Young people worldwide and in Sri Lanka have never been exposed to so many problems that undermine their health emotionally, mentally and physically than they are today.

Growing up in violent surroundings, crumbling family units that separate them from at least one or both parents, physical abuse from people they trust, it is hardly surprising that many of them go astray, align themselves with anti social elements in society and inflict more violence on the community and society they live in. Lacking in social skills, and still immature due to changes taking place in their bodies, they lack the mechanisms to cope with their stressful situations, which makes them vulnerable to such anti social predators who exploit their inexperience for their own ends.

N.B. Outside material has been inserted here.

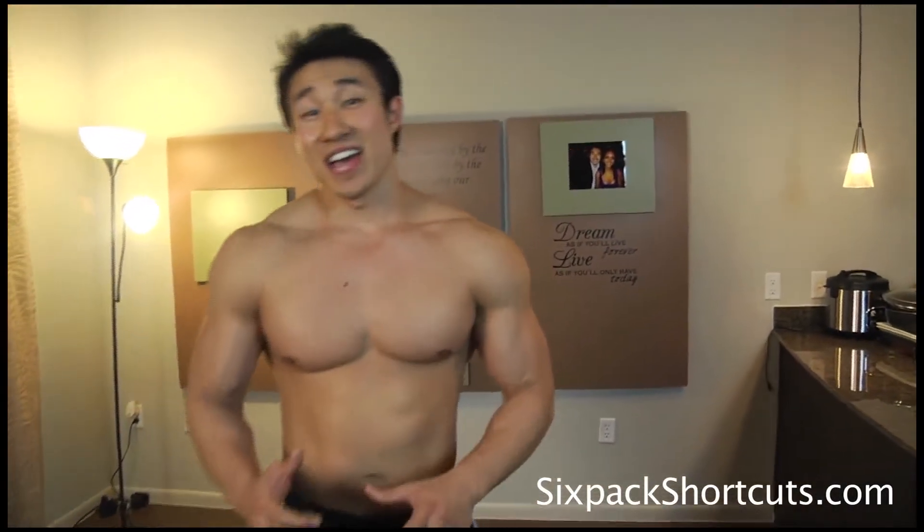Hey, what's up everybody. It's Mike Chang with sixpackshortcuts.com and today I'm going to show you an insane workout to blow up your shoulders, have massive bowling ball shoulders. It's going to be a very intense workout. We're going to be using dumbbells. I have two pairs of dumbbells — one that's kind of heavy and one that's just perfect. The first exercise is going to be a standing dumbbell press — military press would be with a bar, but we're doing a standing dumbbell press.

Children need to be prepared to cope with stress

International Youth Day, August 12, has been declared as a day for raising awareness of these gaps in youth welfare by the UN which will focus world attention on Mental Health of Youth on this day, starting from the time they enter school and upwards.

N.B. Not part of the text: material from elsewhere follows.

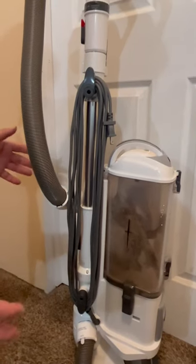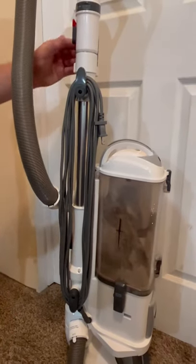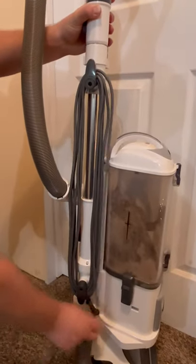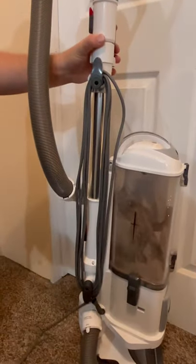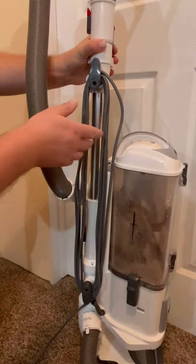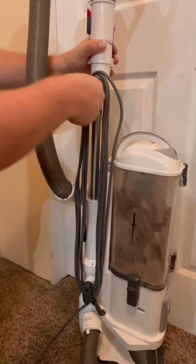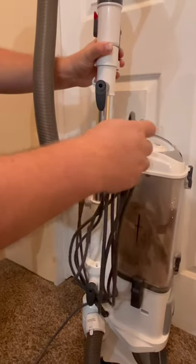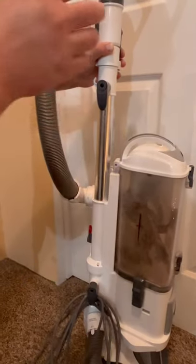How to unwind your vacuum cord very quickly. A lot of people will take the cord and start unwinding it like this. Well, here's a nice little engineering thing: if you twist down the hook, you can just slide the whole thing off like that and unwind it in one second.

The Sunday Observer spoke to a few experts in the field to find out more about problems that school going children including adolescents face and the new strategies recently introduced by the Health and Education Ministries to help empower them.

Excerpts ...

Community Physician and Head of the School Unit on Mental Health and Youth, Family Health Bureau, Dr Ayesha Lokubalasuriya:

Q. Judging by the large number of reports in newspapers of acts of violence including suicides involving young people, it appears that the youth today are exposed to many problems that the generations before never experienced. Your comments?

A. I agree, there's a growing trend in violence that is currently affecting most young people all over the world including Sri Lanka.

Q. Why?

A. If you look around in many countries the culture of violence seems to be the norm when young people want to escape from their problems.

This is because they are growing in an environment of violence - where they see violence on the television, read about violent deeds in newspapers, and even witness violence on the streets where many live.

Today this has spread to schools as in the US and even Asian countries like India. School children from primary classes up, watch cartoons that promote violence. Films that make villains heroes. All this creates violent images in their minds and leaves a huge impression on their young minds that can continue into adulthood.

Q. In your own experience of dealing with school kids, what do you think is the biggest problem they face right now?

A. Stress - mostly academic stress especially in the case of students in secondary and tertiary level. Recent studies done by researchers in our country have proved this. One study has shown that 48 percent of students in a school in the Western province had admitted they had academic stress.

Q. Why?

A. It is because studying in Sri Lanka has now become extremely competitive. Consider the case of any average school child from primary stage up.

How much time do they have to relax, play games, chat with friends, and even have their meals at the proper time? Their day starts off with a rushed meal or without a meal in many cases, and after six and a half hours of school, they are rushed to tuition classes, or forced to engage in some extra curricular activity they dislike.

Ambitious parents constantly pushing their children to do better in schools and even teachers doing the same, can cause immense strain and stress on children. What they need is time and space for themselves; do things they like doing for a change and go out and play games that will keep them physically fit. The present education system does not give them much room for this, especially when you consider they have such large syllabuses to study.

Q. So you think there should be changes in the school curricula?

A. There should be more periods for sport and physical exercise.

The number of subjects students study can also be reduced, e.g. the curriculum of science students following the Grade 10 curriculum contains certain subjects which we learned only when we entered medical college!

Q. What do you suggest as an alternative?

A. There seems to be too much emphasis on academic performance with very little preparation for students to face other challenges they face.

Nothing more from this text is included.